Shannon Ross, who played a key role in helping many of the Rose Buddies members, and others, get their micro cultivation licences, is also one of the people behind this processing facility, Antidote, which they hope to have licensed in 2022—in time to process for local growers like Rose Buddies. LeBlanc and Rosebud Cannabis Farms is also a 25% owner of Antidote.
“Getting an outdoor licence isn’t as difficult as some people think it is,” says Ross. “The difficult part is how you sell it and where it goes and what it goes into. So this is a regional strategy of how we can create a retail pathway for farmers, whether they’re indoor or outdoor.”
“So part of the challenge that people have been facing is not having huge volumes of cannabis to go into one particular product. So what we have found is if we have several outdoor micro cultivators, if they’re all growing different types and batches and there’s no consistency, those are some challenges that a lot of the outdoor growers have had.”
The intense local focus of the Community Futures Program helped birth the Rose Buddies program, she says.

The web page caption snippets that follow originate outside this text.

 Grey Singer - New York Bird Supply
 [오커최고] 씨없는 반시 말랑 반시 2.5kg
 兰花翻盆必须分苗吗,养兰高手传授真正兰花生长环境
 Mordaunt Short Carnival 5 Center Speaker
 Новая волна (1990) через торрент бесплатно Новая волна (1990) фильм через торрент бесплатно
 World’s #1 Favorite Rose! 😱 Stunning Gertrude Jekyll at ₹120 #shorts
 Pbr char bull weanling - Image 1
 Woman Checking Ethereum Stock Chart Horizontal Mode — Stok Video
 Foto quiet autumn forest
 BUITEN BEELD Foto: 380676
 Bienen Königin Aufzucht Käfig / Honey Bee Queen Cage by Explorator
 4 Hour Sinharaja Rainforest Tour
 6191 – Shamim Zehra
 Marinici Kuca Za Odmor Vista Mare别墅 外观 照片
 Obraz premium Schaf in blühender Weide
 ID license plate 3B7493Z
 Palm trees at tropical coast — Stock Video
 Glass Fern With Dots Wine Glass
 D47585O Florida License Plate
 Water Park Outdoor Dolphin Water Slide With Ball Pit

“There’s a lot of collaboration that just started to happen naturally, and Rose Buddies kind of naturally grew out of that,” she says. “Having a community of people to ask questions and help each other out and recognizing the challenges that a lot of the outdoor growers have in getting to market. Because it’s one thing to grow cannabis, it’s another to get it to market.”
Kalibri Wetsch at Green Wynds in Crawford Bay, another outdoor micro taking part in the Rose Buddies program, echoes that feeling of community collaboration. She and her partner James Wood have been gardening on their plot of land for over a decade and met Leblanc last year through mutual friends and the Community Futures program.
“I had been to Che’s farm to help with harvest last year and then I learned about Rose Buddies through the Community Futures program and it all came together,” she says. “Somehow we all just started meeting every week and it just made sense to all learn from each other and support each other, and also find a way into the market. It’s pretty tough for an outdoor micro to enter the market.”